SPIDERING BOF REPORT
Report by Michael Mauldin (Lycos)
(later edited by Michael Schwartz)
While the overall workshop goal was to determine areas where standards
could be pursued, the Spidering BOF attempted to reach actual standards
agreements about some immediate term issues facing robot-based search
services, at least among spider-based search service representatives who
were in attendance at the workshop (Excite, InfoSeek, and Lycos). The
agreements fell into four areas, but we report only three of them here
because the fourth area concerned a KEYWORDS tag that many workshop
participants felt was not appropriate for specification by this BOF
without the participation of other groups that have been working on that
issue.
The remaining three areas were:
1. ROBOTS meta-tag
default = empty = "ALL"
"NONE" = "NOINDEX, NOFOLLOW"
The filler is a comma separated list of terms:
ALL, NONE, INDEX, NOINDEX, FOLLOW, NOFOLLOW.
Discussion: This tag is meant to provide users who cannot control
the robots.txt file at their sites. It provides a last chance to
keep their content out of search services. It was decided not to
add syntax to allow robot specific permissions within the meta-tag.

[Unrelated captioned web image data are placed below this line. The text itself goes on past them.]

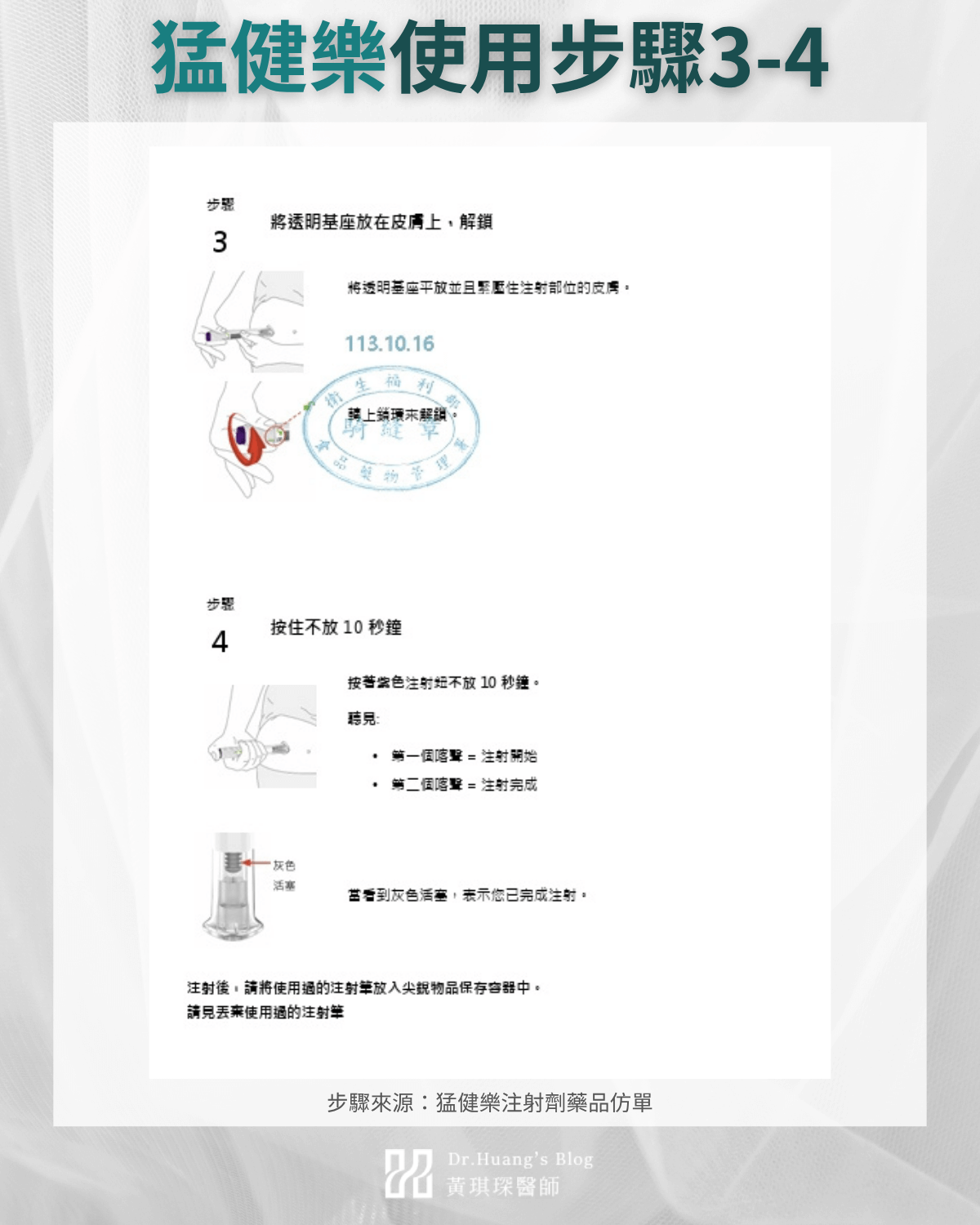 猛健樂使用方式/施打位置/建議劑量總整理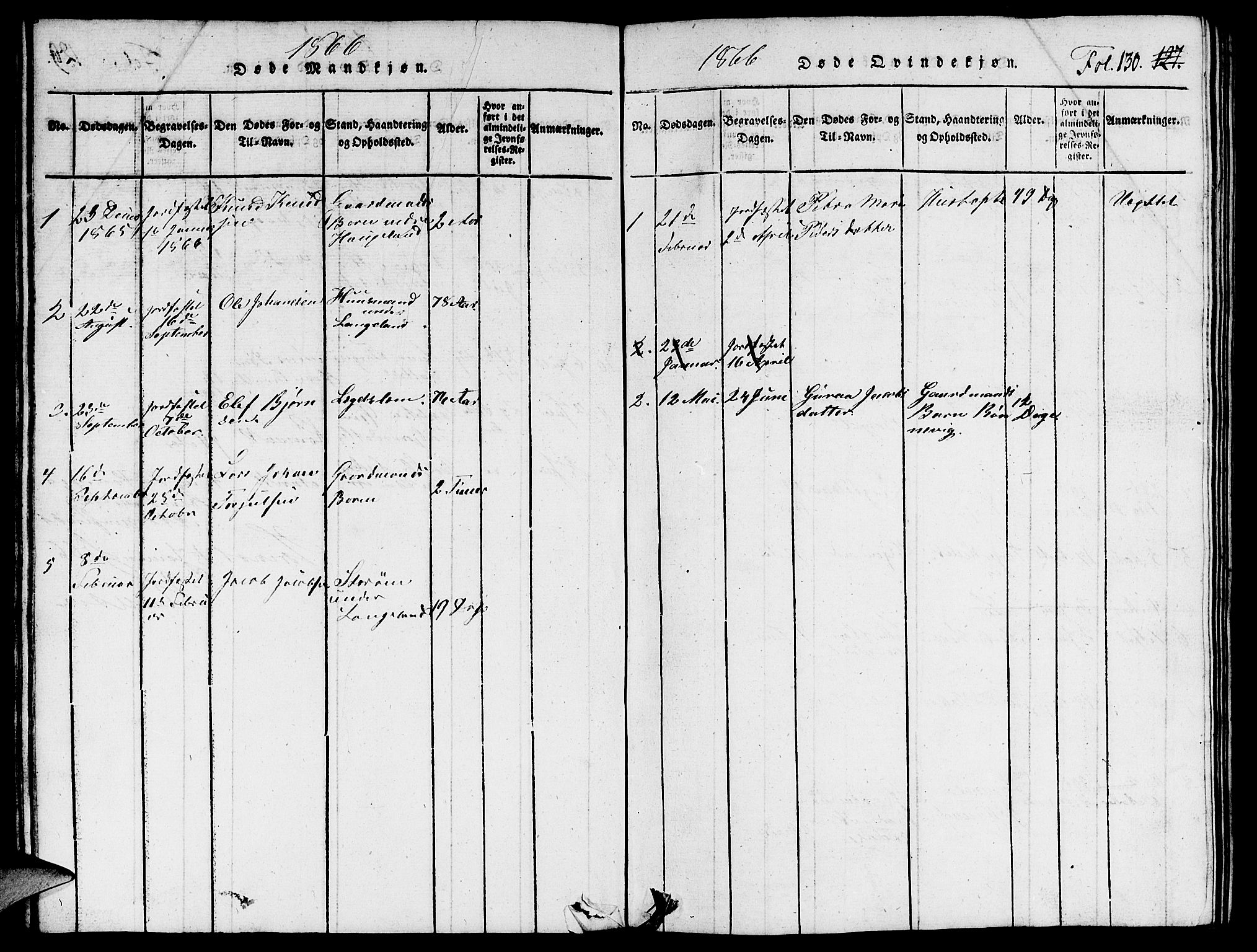 Vikedal sokneprestkontor, SAST/A-101840/01/V: Parish register (copy) no. B 3, 1816-1867, p. 130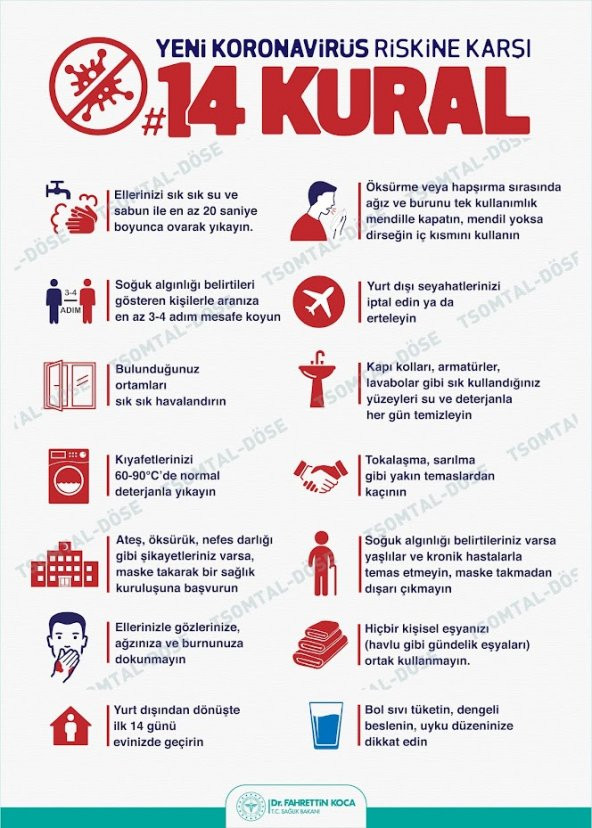 Sağlık Bakanlığı 14 Kural Tabelası ve Etiketi FOLYO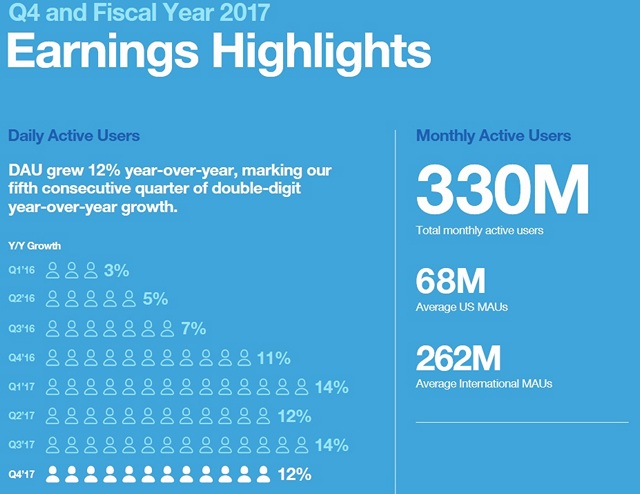 Twitter Turns Profitable After 12 Years; Reports $91 Million Profits in Q4
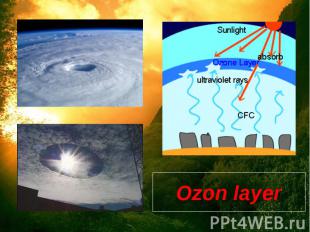 Ozon layer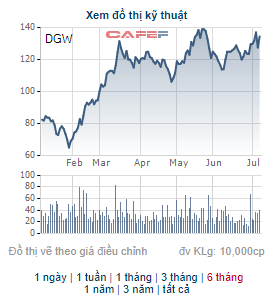 Chủ tịch HĐQT Digiworld chuyển nhượng số cổ phiếu DGW trị giá hơn 340 tỷ đồng sang công ty riêng - Ảnh 1.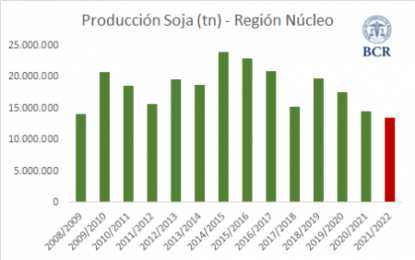 Para el olvido: en la zona centro, la producción de soja fue la menor en 14 años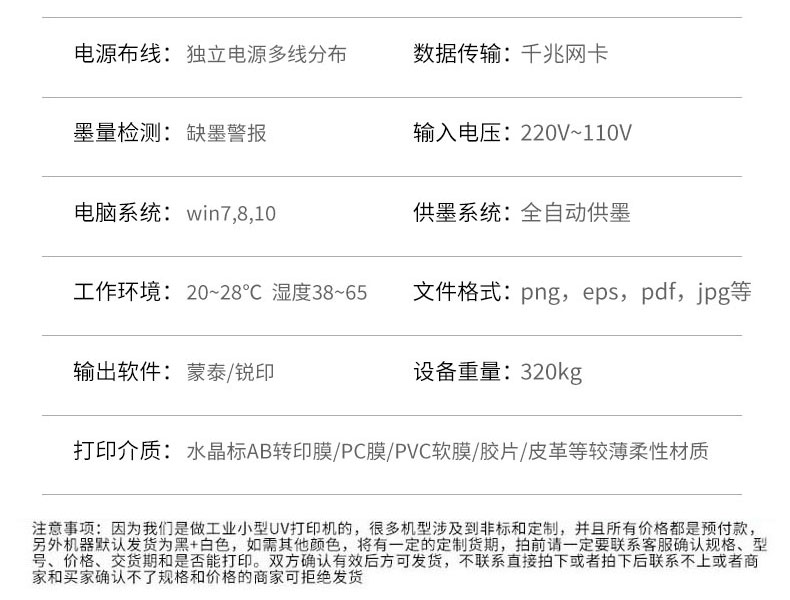 SP800 网带机(图14)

INDEX means that robots are welcome to include this page in
search services.
FOLLOW means that robots are welcome to follow links from this
page to find other pages.
So a value of "NOINDEX" allows the subsidiary links to be explored,
even though the page is not indexed. A value of "NOFOLLOW" allows the
page to be indexed, but no links from the page are explored (this may
be useful if the page is a free entry point into pay-per-view content,
for example. A value of "NONE" tells the robot to ignore the page.
2. DESCRIPTION meta-tag
The intent is that the text can be used by a search service when
printing a summary of the document. The text should not contain
any formatting information.
3. Other issues with ROBOTS.TXT
These are issues recommended for future standards discussion that
could not be resolved within the scope of this workshop.
- Ambiguities in the current specification
http://www.kollar.com/robots.html
- A means of canonicalizing sites, using:
HTTP-EQUIV HOST
ROBOTS.TXT ALIAS
- ways of supporting multiple robots.txt files per site ("robotsN.txt")
- ways of advertising content that should be indexed (rather than
just restricting content that should not be indexed)
- Flow control information: retrieval interval or maximum
connections open to server